On Thursday, Lewis pushed back on critics who argue the state isn’t fully funding traditional public schools and that allowing student funding to flow to charter schools would worsen that situation.
“Whenever we’re having a public education conversation, it should go to children first,” he said. “The first question ought to be children, and I know for a fact there are parents that go to bed every night with tears in their eyes because they wish they had some alternative, some other public school that they could send their kids to.”
Lewis argued that every parent should have a choice about where they send their kids to school, not just those with the financial means to buy a house in the right neighborhood.
“The folks that don’t get the opportunity to make those types of decisions are poor people,” he said.
Lewis’ push for a charter schools funding mechanism, which he said is one of many legislative priorities, has raised concerns from some school district leaders.
They include Warren County Public Schools Superintendent Rob Clayton and Bowling Green Independent School District Superintendent Gary Fields. Both have said a funding mechanism for charter schools should wait until public schools are fully funded by the state.
Both school districts are faced with increasingly tapping their own resources to cover costs.
After the release of state testing results in September, that includes providing increased support for 13 local schools labeled as needing Targeted Support and Improvement. That label means those schools have at least one student subgroup performing as poorly as schools in the bottom 5 percent statewide.
Lewis said the state is having to revisit its model for supporting schools in light of a steep increase in the number of struggling schools that need help. He noted the Kentucky Department of Education’s funding for supporting that work was eliminated in the last state budget.
“We have doubled, more than doubled, the number of schools we are required by law to support, and the Commonwealth School Improvement Fund, which is the state funding mechanism for supporting that work, was not funded,” Lewis said.

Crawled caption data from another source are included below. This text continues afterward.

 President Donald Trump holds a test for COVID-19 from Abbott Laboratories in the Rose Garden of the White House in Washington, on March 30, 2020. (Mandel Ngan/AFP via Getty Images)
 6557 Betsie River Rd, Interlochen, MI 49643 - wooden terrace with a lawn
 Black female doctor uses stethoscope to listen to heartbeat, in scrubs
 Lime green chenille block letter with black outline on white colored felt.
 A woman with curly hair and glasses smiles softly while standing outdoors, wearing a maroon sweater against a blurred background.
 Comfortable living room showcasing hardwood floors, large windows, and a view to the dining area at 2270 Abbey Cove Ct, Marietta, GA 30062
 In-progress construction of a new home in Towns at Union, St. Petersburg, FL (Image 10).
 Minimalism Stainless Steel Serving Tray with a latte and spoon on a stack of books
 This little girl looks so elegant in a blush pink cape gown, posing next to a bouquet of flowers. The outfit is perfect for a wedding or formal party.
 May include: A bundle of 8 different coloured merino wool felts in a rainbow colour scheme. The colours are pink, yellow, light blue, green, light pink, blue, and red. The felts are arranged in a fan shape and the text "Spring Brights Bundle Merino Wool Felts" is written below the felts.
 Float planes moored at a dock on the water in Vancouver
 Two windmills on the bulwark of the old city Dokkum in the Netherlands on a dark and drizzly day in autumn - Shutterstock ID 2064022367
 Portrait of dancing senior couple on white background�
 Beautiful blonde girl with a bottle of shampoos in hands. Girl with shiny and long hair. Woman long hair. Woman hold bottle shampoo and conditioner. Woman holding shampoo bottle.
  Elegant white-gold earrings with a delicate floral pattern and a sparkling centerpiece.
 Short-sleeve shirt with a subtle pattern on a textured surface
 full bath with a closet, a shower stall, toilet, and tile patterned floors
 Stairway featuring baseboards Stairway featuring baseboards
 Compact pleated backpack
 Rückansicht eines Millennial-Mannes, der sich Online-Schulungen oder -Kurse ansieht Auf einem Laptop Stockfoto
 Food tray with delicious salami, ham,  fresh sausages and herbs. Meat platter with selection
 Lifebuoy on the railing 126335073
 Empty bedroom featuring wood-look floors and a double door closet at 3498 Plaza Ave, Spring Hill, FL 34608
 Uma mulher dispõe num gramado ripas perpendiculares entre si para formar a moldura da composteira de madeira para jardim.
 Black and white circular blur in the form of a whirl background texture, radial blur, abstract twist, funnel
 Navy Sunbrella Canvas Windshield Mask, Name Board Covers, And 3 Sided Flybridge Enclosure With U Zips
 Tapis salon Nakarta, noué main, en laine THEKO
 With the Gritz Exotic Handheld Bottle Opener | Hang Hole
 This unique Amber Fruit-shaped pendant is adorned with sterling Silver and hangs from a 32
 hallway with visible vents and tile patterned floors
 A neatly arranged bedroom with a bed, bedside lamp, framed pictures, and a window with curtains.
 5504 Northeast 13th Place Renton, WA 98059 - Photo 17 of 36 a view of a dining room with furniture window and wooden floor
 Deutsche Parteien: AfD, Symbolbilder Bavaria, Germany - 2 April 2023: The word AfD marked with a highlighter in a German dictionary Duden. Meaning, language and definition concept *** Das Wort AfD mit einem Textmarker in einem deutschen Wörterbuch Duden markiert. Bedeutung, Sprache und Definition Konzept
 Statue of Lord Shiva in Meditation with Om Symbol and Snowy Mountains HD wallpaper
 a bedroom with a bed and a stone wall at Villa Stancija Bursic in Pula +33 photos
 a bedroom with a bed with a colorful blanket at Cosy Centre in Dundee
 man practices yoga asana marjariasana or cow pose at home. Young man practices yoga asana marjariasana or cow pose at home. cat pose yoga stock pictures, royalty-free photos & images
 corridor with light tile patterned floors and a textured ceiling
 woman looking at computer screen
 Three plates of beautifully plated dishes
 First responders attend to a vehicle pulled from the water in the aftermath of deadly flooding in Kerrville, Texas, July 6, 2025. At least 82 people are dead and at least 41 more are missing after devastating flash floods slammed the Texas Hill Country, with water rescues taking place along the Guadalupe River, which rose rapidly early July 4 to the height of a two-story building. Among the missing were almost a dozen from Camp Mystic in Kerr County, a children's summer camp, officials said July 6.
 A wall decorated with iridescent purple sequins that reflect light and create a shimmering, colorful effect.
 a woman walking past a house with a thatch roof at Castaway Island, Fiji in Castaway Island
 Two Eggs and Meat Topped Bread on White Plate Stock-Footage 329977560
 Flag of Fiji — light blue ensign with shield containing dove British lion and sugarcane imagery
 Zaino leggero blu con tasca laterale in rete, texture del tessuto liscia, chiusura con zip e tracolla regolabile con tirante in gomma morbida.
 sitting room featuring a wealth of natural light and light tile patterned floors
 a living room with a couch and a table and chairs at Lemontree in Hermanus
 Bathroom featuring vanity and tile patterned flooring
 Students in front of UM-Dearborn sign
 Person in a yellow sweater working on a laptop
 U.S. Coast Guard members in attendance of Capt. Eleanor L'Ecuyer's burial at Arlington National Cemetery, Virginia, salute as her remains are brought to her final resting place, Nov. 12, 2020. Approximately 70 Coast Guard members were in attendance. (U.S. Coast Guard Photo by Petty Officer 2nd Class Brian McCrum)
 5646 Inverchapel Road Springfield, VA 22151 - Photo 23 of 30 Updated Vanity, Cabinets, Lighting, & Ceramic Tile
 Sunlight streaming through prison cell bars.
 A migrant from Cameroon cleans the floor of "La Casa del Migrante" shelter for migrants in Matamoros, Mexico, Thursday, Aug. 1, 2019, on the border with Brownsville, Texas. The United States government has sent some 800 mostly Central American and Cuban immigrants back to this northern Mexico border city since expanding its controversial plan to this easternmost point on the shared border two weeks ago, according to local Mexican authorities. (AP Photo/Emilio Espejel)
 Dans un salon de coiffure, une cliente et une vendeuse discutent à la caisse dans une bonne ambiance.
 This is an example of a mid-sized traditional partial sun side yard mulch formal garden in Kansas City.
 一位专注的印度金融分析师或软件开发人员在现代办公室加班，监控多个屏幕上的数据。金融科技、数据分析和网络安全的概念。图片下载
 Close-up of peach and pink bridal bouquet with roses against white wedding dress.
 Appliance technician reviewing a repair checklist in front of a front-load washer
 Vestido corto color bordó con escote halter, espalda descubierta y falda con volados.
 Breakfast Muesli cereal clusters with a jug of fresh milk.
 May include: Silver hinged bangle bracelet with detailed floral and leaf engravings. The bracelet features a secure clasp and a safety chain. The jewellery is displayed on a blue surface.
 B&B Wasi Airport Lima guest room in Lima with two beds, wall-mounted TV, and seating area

As a result, the support the state can offer schools “won’t be as significant. It won’t be as hands-on as it has been in the past,” Lewis said.
“That’s unfortunate because the model that the department has used has been recognized nationally,” he added.
Lewis also cleared up what he described as misconceptions around a new 10th-grade competency test for reading and math that will be mandatory as part of new high school graduation requirements.
Through the assessment, students will be required to demonstrate a basic level of skill, with multiple ways to appeal a low score. One way, for example, is proving competency through a portfolio of work with a local superintendent’s permission.
“A lot of folks have been under the impression that this is something that if the state board of education passes that it would apply to kids in high school next year. It applies to this year’s current seventh-graders,” Lewis said. “When they get to 10th grade, they’ll be the first ones to take the test with the high stakes attached to it.”
The new graduation requirements are currently under a 30-day public comment period that ends this month.
In recent weeks, Lewis said he’s received a flood of emails from world language teachers concerned a requirement might be disappearing under the changes.
Lewis said that’s a misconception too.
“There is no current world language requirement,” he said. “There’s not one at the state level. There’s not one at the district level. I’ve not found a single district in Kentucky that has a requirement for world languages.”
Lewis wants students to continue learning languages as an elective that they chose as part of their post-graduation plans.
He hopes that the new requirements will be finalized by February. He said urgency is needed.
Although Kentucky has one of the highest graduation rates in the country, students aren’t graduating with the skills they need to succeed in college or the workforce. Under the requirement changes, all students will be required to show their transition readiness.
“I believe it is absolutely essential,” Lewis said, adding the state continues to see about 40 percent of graduates leaving high school and not moving on to any postsecondary education.
“We have to ensure that those kids have something, some basic skills, some preparation to go into the workforce, to be prepared, if they so choose, to return to postsecondary education at some later time,” he said. “The outcome for those kids, the ones that are leaving high school with just that high school diploma, those outcomes are scary.”
The other concern is that Kentucky isn’t sending enough kids on to postsecondary education compared to other states. Of those that do, only a fraction earn any kind of postsecondary credential.
“We send only 60 percent on, 23 percent of them require remediation when they get there and then only about 30 percent of them after seven years time earn any credential,” Lewis said.